Make sure your emails are personal and compelling
Spam filters work to ensure you’re acquainted with the recipients. By personalizing emails and crafting engaging content for your audience, your emails are more likely to reach their primary tab. Do address them by their names and send your emails from a recognizable and credible email address. Send relevant content and don’t add too many links or images that could make your email look generic and cluttered.
Avoid ‘spammy’ subject lines in emails
Capitalized words, too many punctuation marks, and even the cliched ‘Re:’ should all be avoided in subject lines as well as the body of the email. These are indicators for spam filters to know a spammy sales email from an actual one. Keep your emails succinct, and hold off on the exclamation points in your sales emails for optimum deliverability.
Send individual emails or send in small batches
Blast emails are a thing of the past, and major email providers consider them spam. By sending trigger-action based emails to prospects, you’re more likely to see your emails land in their primary inbox.
Make the email short and concise
Keep the email conversational and get to the point. Unless absolutely necessary, don’t use spam trigger keywords like “urgent,” “free,” etc. While sending promotional emails, use alternative words to replace those that are identified as spam patterns. By sharing only relevant and valuable content to your audience, you are sure to see more engagement.

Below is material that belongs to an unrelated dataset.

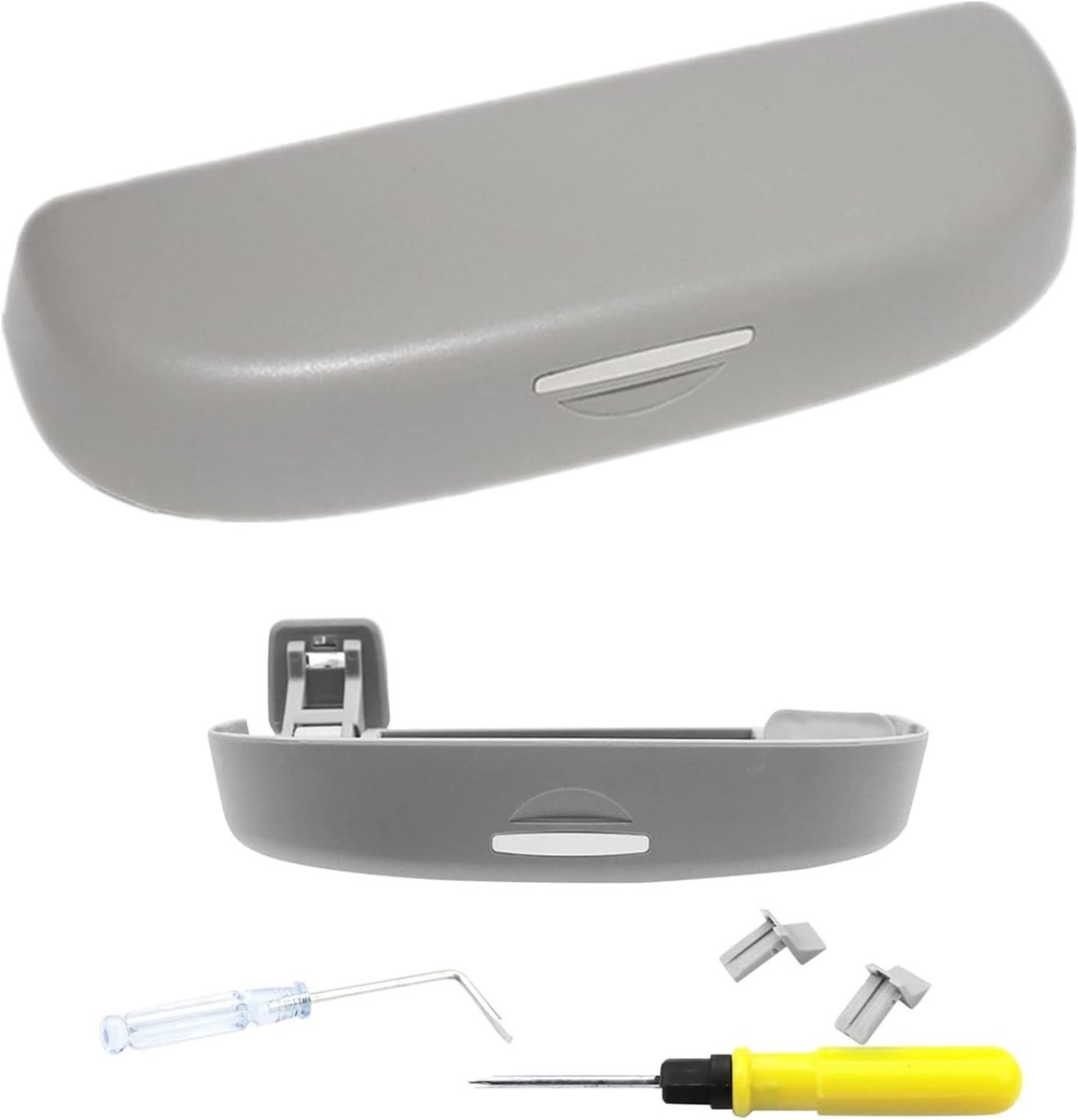 Compatibel met 2020-2024 Cupra Formentor/Seat Leon MK4 Brillendozen Zonnebrilhouder Case, Formentor 150 cv/1.5 tsi/V1 VZ VZ5/1.4 e-Hybrid Opbergorganizer Accessoires [Niet Fαcelift 2025](Grijs)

Keep up with your email sender reputation
When a recipient marks your email as spam, it affects your email sender reputation (a score that an internet service provider (ISP) assigns to an organization that sends the email). Not only does it prevent your emails from being delivered to the primary inbox, but it can also reject your emails outright. The higher your score, the more likely your ISP will ensure deliverability. Having a good sender reputation comes down to the validity of your email address, the way you track your emails, and the kind of interaction your recipients have with your emails — or not— which can negatively impact your sales efforts.
Send plain text or light HTML email
Keep the number of links to a minimum of one or two links. It should ideally have only your call-to-action, work sample, or links to downloads. By sending plain text emails or ‘light HTML’ emails, your emails are more likely to land in the primary inbox. Light HTML emails are technically HTML but the content is mostly just text; no images, links, or CSS.